**Exercise prompt:** When you reach the line containing "M4 16GB/256GB Green" in the entries below, start writing out each line exactly, and stop after the line containing "Hotel Nuar Betim Ngoại thất bức ảnh".

**Supplied records:**

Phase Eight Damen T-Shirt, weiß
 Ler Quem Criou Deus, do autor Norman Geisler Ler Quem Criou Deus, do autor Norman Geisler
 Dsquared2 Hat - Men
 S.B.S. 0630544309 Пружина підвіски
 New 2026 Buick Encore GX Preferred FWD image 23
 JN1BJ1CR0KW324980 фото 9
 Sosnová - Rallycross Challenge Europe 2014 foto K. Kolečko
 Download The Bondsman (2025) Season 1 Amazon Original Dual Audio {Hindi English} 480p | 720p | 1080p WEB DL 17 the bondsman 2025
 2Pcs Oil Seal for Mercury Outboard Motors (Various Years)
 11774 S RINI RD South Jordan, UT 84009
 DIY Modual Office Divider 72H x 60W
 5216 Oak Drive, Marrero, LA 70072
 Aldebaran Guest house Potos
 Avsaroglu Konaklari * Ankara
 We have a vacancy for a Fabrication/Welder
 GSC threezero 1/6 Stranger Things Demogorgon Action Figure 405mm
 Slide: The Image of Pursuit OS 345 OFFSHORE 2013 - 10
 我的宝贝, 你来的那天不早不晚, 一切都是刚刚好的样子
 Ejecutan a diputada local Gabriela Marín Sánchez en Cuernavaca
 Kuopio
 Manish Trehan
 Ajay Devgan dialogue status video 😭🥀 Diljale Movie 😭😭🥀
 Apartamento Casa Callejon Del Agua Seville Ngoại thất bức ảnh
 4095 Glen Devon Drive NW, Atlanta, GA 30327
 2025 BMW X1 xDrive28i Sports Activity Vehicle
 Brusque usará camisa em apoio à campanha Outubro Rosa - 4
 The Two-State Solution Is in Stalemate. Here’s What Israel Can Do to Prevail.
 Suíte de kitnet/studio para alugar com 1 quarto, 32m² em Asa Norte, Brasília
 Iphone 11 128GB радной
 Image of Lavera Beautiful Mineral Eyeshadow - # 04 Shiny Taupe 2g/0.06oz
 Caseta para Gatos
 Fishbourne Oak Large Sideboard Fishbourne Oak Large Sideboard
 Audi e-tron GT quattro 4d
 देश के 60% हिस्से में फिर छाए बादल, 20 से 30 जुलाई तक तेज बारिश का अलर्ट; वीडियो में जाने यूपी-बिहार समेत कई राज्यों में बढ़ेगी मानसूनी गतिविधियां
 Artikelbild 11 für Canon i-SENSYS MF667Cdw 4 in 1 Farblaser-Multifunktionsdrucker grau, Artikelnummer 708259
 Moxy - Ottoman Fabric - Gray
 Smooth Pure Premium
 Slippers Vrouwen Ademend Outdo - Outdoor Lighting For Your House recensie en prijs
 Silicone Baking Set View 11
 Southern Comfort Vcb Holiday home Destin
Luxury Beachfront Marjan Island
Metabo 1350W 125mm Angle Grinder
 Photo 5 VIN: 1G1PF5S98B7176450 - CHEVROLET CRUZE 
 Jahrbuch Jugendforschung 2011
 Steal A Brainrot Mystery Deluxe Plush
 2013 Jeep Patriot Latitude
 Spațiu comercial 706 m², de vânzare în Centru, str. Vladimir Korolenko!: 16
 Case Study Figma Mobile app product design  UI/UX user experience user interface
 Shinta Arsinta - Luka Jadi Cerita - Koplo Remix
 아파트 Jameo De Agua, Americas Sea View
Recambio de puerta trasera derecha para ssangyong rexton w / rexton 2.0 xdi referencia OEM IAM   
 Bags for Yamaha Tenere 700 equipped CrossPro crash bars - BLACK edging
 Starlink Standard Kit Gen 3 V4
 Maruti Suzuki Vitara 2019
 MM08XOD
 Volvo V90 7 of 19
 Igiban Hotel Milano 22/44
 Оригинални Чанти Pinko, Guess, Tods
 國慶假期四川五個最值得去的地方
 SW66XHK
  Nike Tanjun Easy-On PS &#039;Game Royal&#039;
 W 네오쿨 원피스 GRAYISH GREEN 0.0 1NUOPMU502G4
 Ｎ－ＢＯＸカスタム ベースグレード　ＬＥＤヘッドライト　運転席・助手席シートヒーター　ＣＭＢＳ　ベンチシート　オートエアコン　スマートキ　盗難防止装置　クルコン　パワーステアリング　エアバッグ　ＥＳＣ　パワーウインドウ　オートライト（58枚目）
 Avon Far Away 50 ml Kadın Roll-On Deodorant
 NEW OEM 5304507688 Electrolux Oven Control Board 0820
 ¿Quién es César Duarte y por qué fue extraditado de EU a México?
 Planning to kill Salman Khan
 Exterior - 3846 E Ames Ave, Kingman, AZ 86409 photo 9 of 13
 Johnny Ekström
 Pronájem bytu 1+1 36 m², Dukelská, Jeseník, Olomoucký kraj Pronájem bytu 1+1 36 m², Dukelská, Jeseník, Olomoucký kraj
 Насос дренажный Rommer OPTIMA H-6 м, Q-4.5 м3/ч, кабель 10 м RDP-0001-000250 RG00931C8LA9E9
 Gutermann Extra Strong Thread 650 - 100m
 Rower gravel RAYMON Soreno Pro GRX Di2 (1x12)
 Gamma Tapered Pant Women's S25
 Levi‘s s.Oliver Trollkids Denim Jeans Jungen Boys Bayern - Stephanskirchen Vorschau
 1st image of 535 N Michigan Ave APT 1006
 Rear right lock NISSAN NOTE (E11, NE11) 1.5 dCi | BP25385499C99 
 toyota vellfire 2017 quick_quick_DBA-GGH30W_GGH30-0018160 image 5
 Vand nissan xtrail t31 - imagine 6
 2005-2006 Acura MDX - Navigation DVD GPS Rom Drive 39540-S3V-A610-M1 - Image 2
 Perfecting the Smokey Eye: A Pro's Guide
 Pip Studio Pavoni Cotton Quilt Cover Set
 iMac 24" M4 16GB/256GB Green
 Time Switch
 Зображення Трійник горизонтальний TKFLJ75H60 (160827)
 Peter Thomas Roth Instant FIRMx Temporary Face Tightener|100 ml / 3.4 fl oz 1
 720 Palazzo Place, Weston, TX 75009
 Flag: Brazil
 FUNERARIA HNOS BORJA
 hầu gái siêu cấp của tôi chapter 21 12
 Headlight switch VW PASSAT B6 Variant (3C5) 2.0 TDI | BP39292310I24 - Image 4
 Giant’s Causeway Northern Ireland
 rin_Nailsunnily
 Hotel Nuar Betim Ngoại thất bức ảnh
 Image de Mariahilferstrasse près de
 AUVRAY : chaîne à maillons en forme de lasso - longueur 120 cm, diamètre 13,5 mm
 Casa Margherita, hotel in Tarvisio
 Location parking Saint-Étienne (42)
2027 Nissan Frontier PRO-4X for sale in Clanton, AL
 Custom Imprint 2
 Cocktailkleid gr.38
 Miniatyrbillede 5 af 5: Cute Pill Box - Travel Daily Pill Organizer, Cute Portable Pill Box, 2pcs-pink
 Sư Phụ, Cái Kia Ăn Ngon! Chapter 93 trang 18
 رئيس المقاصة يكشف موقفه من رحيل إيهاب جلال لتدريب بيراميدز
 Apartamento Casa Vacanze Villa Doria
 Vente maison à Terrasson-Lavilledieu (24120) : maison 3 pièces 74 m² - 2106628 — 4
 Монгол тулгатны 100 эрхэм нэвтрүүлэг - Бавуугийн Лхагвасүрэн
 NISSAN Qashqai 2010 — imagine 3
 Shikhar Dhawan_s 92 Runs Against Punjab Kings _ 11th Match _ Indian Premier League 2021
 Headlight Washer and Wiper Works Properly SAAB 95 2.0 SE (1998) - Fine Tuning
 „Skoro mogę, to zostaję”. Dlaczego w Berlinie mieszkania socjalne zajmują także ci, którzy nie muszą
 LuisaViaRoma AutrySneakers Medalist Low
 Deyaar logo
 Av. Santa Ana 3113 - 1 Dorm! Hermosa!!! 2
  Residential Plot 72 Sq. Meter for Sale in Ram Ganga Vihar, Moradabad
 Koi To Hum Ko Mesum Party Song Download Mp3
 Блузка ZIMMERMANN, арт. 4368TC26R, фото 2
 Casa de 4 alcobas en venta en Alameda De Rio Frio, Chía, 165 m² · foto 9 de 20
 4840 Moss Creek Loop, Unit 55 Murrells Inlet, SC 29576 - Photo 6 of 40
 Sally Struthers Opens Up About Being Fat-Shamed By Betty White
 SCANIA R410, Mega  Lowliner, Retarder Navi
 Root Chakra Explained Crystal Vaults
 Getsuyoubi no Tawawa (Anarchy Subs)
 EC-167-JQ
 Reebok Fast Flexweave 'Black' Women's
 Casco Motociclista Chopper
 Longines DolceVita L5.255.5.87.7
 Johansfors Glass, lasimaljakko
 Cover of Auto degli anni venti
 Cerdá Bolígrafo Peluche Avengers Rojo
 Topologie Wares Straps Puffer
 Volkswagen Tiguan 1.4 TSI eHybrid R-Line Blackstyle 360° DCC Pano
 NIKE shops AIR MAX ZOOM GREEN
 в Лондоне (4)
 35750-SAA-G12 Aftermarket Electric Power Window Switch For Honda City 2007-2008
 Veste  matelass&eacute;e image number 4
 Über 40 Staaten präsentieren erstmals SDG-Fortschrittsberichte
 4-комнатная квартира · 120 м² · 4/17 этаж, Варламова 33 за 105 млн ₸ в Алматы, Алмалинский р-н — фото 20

**Finished task:**
 iMac 24" M4 16GB/256GB Green
 Time Switch
 Зображення Трійник горизонтальний TKFLJ75H60 (160827)
 Peter Thomas Roth Instant FIRMx Temporary Face Tightener|100 ml / 3.4 fl oz 1
 720 Palazzo Place, Weston, TX 75009
 Flag: Brazil
 FUNERARIA HNOS BORJA
 hầu gái siêu cấp của tôi chapter 21 12
 Headlight switch VW PASSAT B6 Variant (3C5) 2.0 TDI | BP39292310I24 - Image 4
 Giant’s Causeway Northern Ireland
 rin_Nailsunnily
 Hotel Nuar Betim Ngoại thất bức ảnh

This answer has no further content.